## TASK DIRECTIONS
Go through the material and return every line that contains the string "Dress".

## LISTED ENTRIES
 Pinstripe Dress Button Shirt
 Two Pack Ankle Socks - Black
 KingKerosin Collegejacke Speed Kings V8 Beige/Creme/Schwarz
--
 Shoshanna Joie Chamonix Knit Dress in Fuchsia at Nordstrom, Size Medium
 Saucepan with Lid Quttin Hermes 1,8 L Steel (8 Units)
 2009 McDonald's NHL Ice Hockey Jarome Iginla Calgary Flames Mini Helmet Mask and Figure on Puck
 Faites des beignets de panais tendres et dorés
---
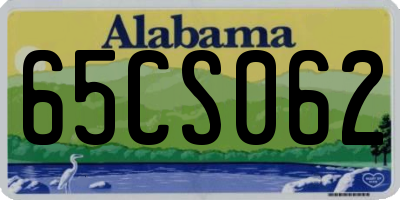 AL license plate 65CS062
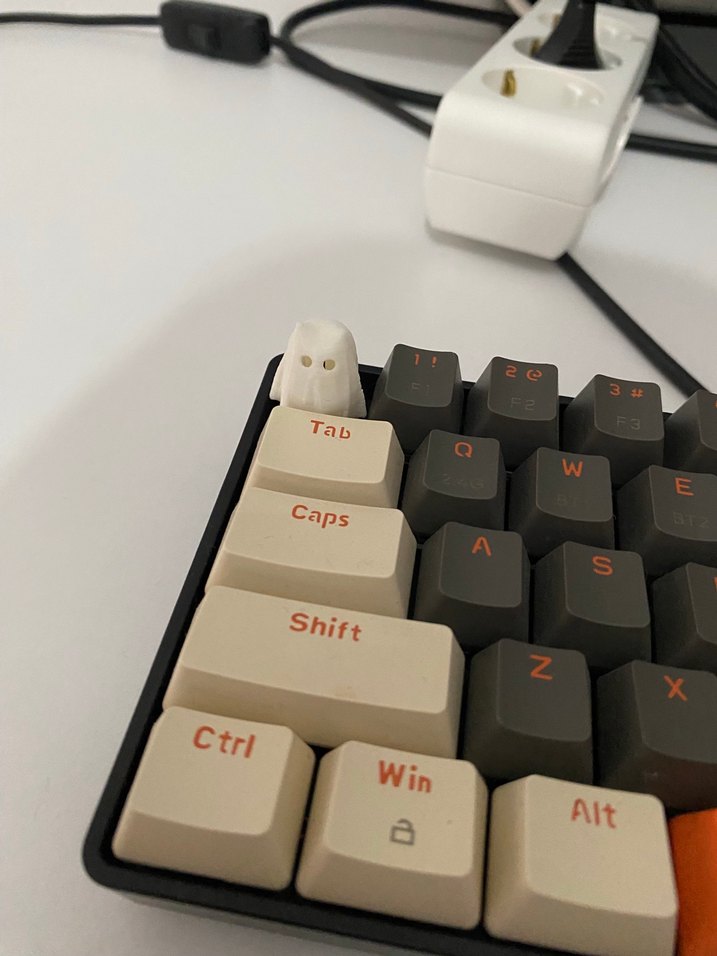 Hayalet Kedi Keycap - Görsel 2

## TASK SOLUTION
 Pinstripe Dress Button Shirt
 Shoshanna Joie Chamonix Knit Dress in Fuchsia at Nordstrom, Size Medium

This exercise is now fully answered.